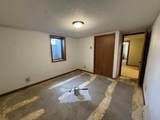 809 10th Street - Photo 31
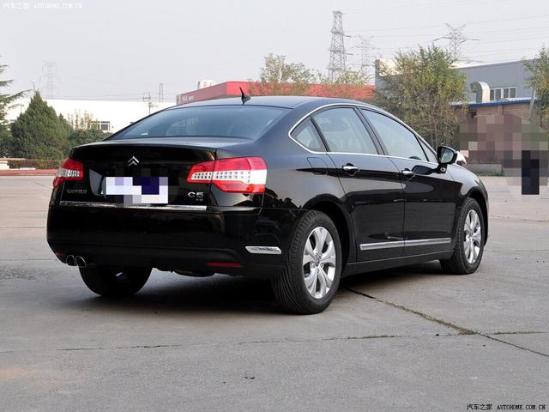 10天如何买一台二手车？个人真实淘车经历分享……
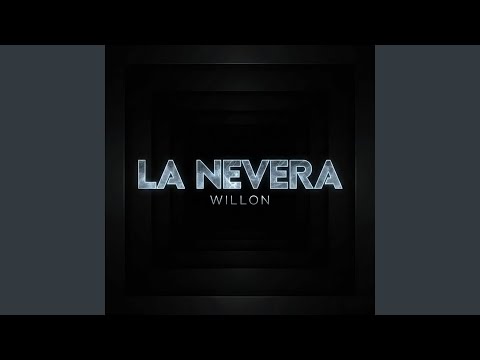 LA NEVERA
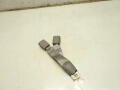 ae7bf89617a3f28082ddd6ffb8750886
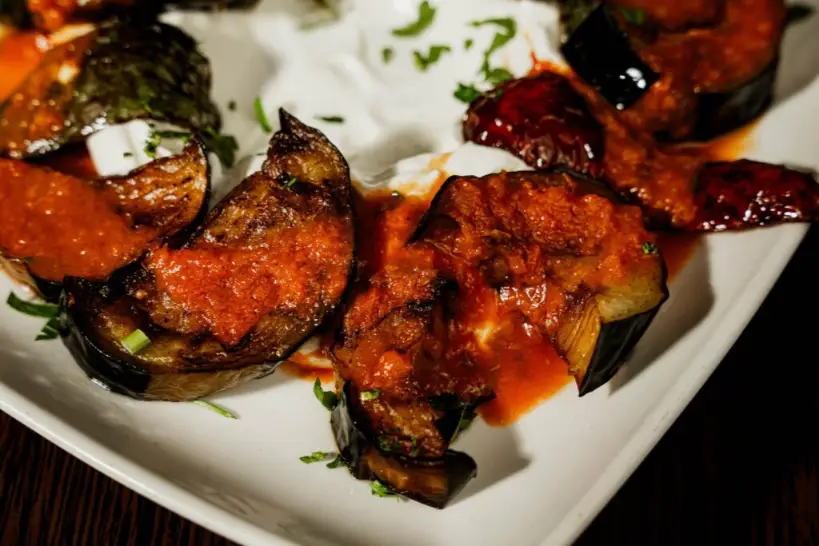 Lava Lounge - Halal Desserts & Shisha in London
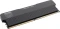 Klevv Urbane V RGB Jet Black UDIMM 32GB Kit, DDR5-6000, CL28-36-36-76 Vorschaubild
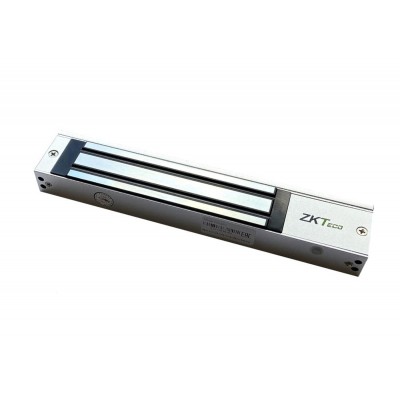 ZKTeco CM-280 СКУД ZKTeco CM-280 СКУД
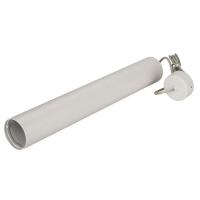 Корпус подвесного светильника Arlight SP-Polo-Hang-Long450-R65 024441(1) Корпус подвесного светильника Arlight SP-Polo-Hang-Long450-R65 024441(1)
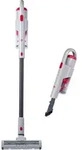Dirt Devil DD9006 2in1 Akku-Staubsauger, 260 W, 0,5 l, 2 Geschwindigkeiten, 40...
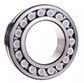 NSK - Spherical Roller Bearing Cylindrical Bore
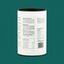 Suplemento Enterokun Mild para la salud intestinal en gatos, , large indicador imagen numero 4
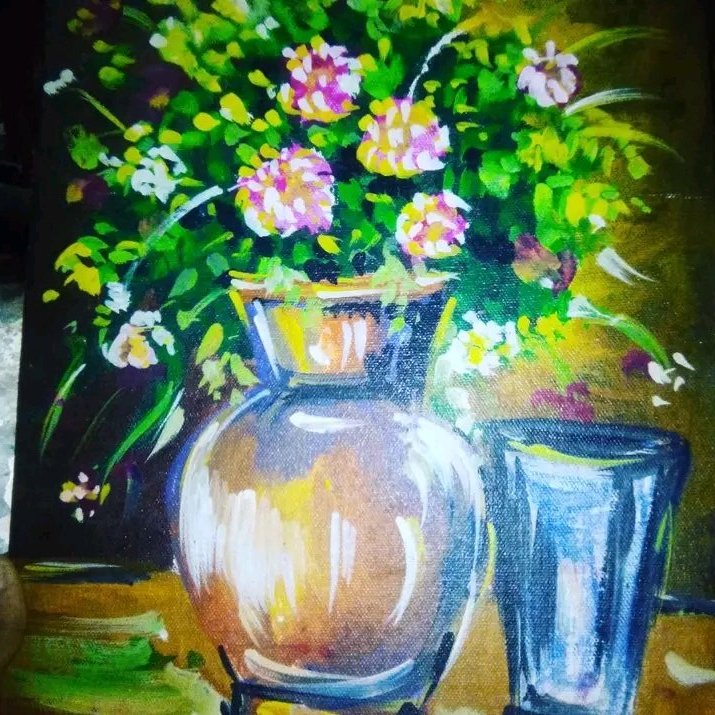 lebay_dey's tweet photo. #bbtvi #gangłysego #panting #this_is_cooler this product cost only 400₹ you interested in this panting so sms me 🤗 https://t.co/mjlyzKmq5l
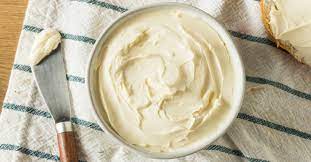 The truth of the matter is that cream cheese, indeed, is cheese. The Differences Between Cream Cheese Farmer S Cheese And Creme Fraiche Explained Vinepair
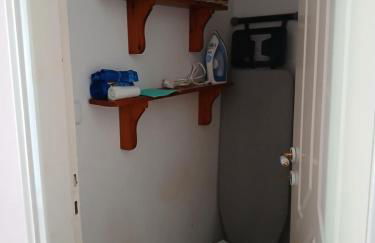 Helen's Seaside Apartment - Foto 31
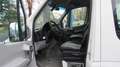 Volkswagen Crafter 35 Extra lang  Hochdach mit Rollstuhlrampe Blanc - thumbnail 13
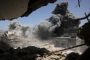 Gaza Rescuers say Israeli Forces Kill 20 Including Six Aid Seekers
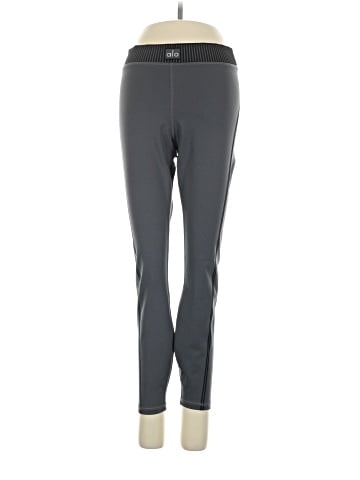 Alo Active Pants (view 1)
======
■ **About this task**:
Reproduce the data above exactly, but only the lines from the one showing "Dirt Devil DD9006" through the one showing "Suplemento Enterokun Mild", with both ends kept and the pictures left out.

■ **Completed task**:
Dirt Devil DD9006 2in1 Akku-Staubsauger, 260 W, 0,5 l, 2 Geschwindigkeiten, 40...
 NSK - Spherical Roller Bearing Cylindrical Bore
 Suplemento Enterokun Mild para la salud intestinal en gatos, , large indicador imagen numero 4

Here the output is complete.